Cela peut paraitre difficile et complexe, mais il faut oser cette complexité si on croit encore avoir un avenir commun et une certaine originalité dans notre identité. C’est là qu’est le chantier. Nulle part ailleurs. Cette originalité, qui a permis à un chrétien d’avoir été pendant 20 ans, Président de la République d’un pays constitué à 95% de musulmans. Et lorsque l’on demanda à un des grands chefs religieux de l’époque pourquoi était-il soutien de Senghor le chrétien à la députation et non Lamine Gueye le musulman, il eu cette formidable réplique: « On ne me demande pas d’élire un imam ». C’est à la fois plein de sagesse et plein d’intelligence. Bien des années plus tard, le monde se déchirait sur des questions religieuses… pendant ce temps, le musulman sénégalais n’avait qu’une seule hâte, que Pâques arrive…
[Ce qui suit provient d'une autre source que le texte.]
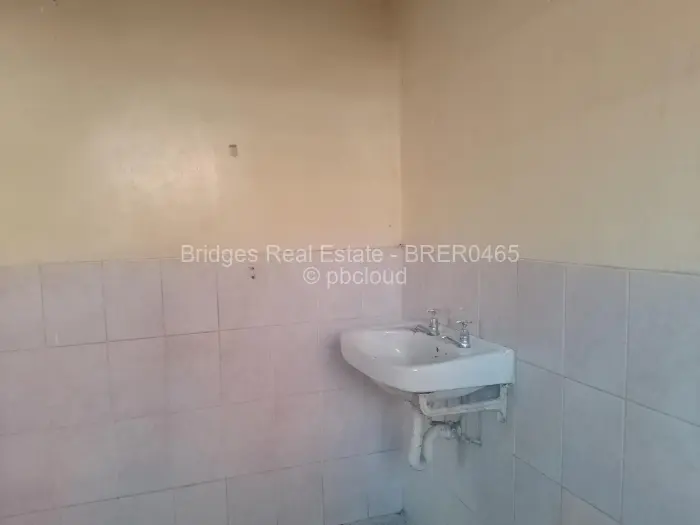 5 Bedroom House for Sale in Budiriro, Harare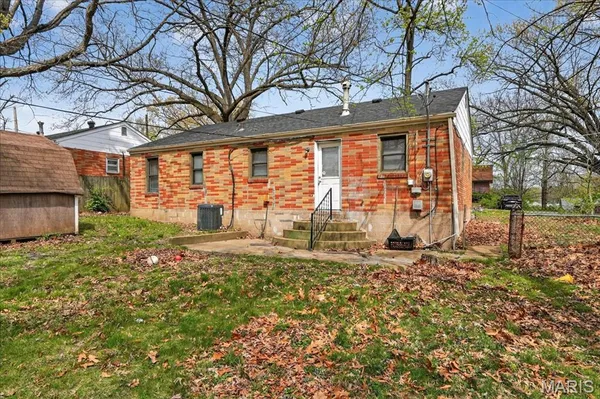$145,000 | 9604 Ridge Avenue, Overland, MO 63114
Au regard de tout ceci, une 3eme voie est possible. Les sénégalais en sont capables. On voulait que Touba, Leona, Yoff, respecte l’interdiction des prières du vendredi ? Le Chef de l’Etat a t-il ce leadership ? Un leader le montre dans les périodes de crises. Feu Djibo Kâ (Qu’Allah le comble de ses grâces) en était un. Un vrai. Quand le President Abdoulaye Wade a octroyé au vénéré Serigne Saliou (Qu’Allah l’agrée), le ranch de Doli, Djibo Ka s’est rendu à Touba et a convaincu le guide religieux de ne pas accepter ce cadeau eu égard au fait que ces terres du Djoloff étaient importantes pour les éleveurs Peuls. Ce qui n’était pas évident au départ, Djibo Ka l’a rendu possible. Si le ranch porte son nom aujourd’hui, ce n’est que justice.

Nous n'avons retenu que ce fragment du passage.